### WHAT YOU ARE ASKED TO DO
Could you repeat the records below exactly, without the pictures?

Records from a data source
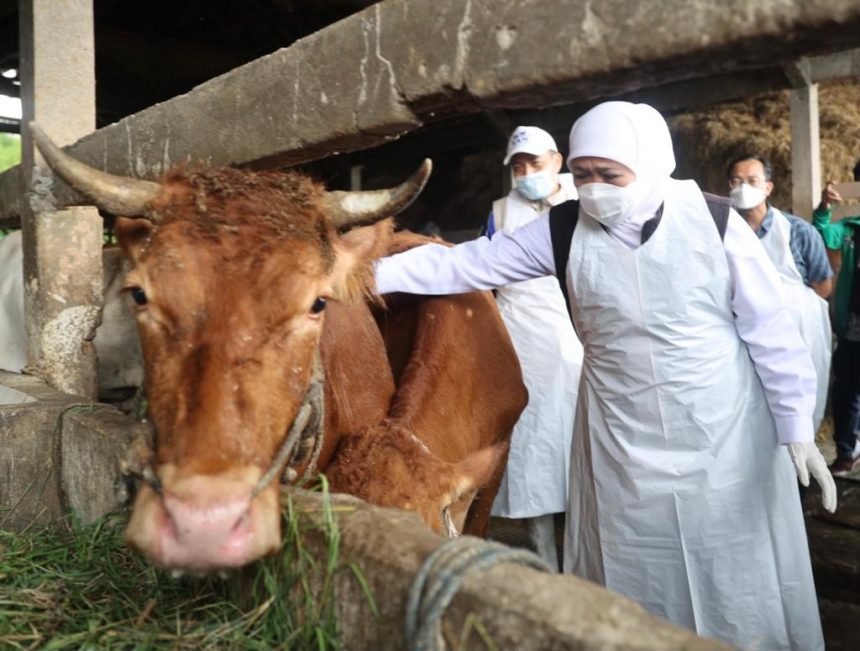 Gubernur Jatim Khofifah Indar Parawansa saat mengawal proses pengobatan intensif hewan ternak di Kabupaten Gresik, Sabtu (7/5/2022) | dok/photo: Pemprov Jatim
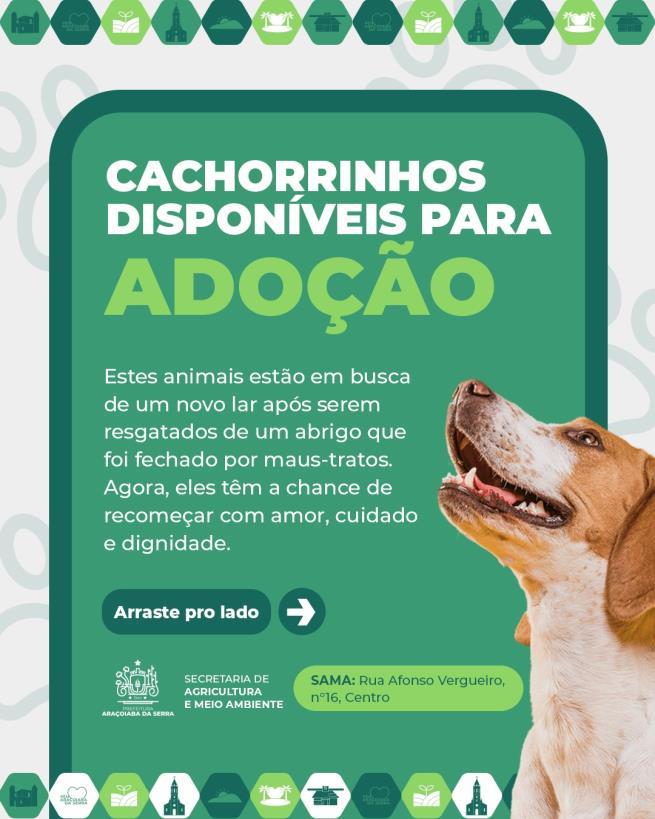 Cachorros Disponíveis para Adoção
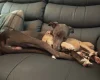 Whippet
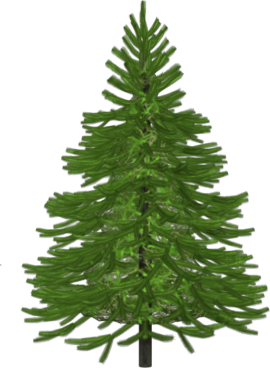 kisspng-spruce-pine-christmas-tree-abies-alba-pine-leaves-5ac242b14574a5.4603514315226804972845.png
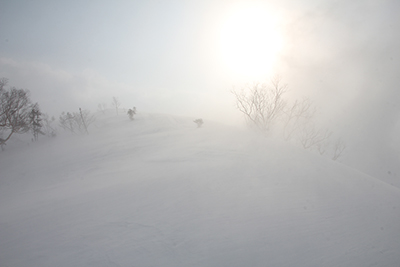 ブリザードにかすむ小遠見山の写真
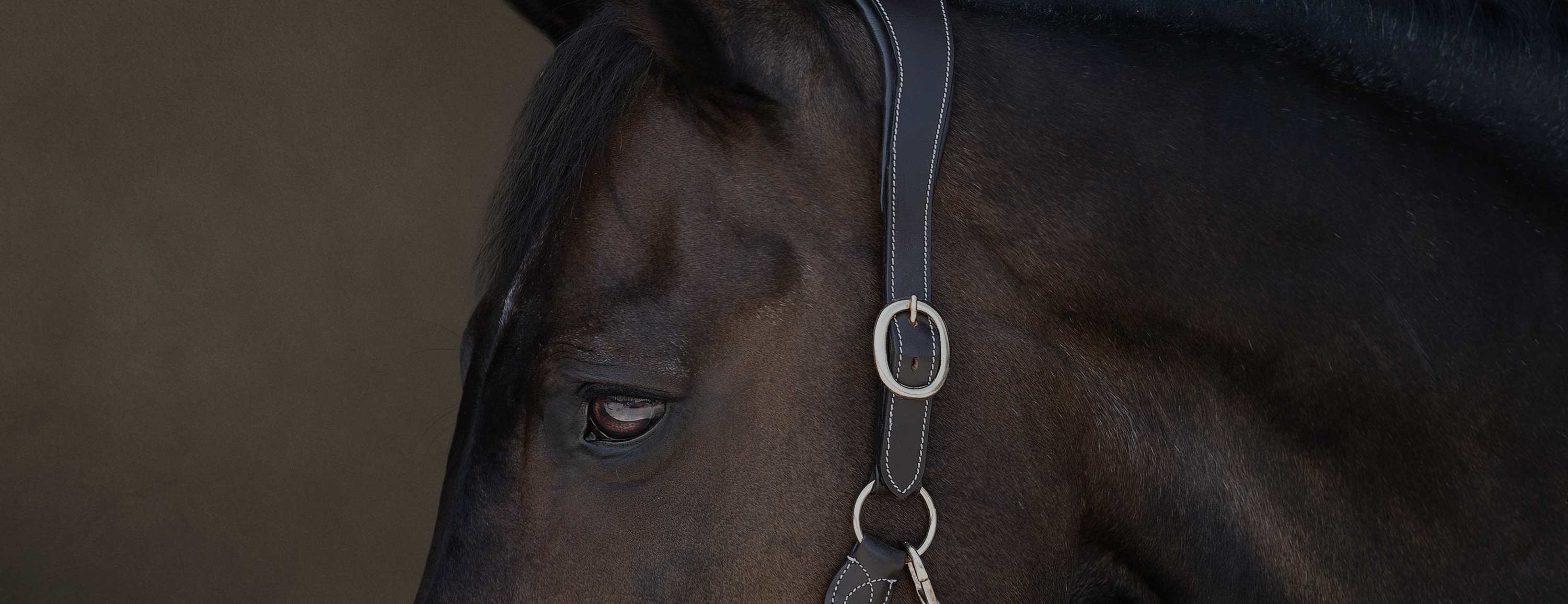striking close up image of a stunning dark bay horses head, focused on the eye & against a soft pale gold mottled background.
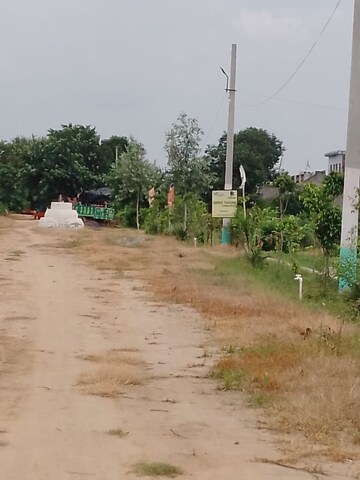 Plot Area in  Plot at Tappal – for Sale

### RESPONSE BOX
 Gubernur Jatim Khofifah Indar Parawansa saat mengawal proses pengobatan intensif hewan ternak di Kabupaten Gresik, Sabtu (7/5/2022) | dok/photo: Pemprov Jatim
 Cachorros Disponíveis para Adoção
 Whippet
 kisspng-spruce-pine-christmas-tree-abies-alba-pine-leaves-5ac242b14574a5.4603514315226804972845.png
 ブリザードにかすむ小遠見山の写真
striking close up image of a stunning dark bay horses head, focused on the eye & against a soft pale gold mottled background.
 Plot Area in  Plot at Tappal – for Sale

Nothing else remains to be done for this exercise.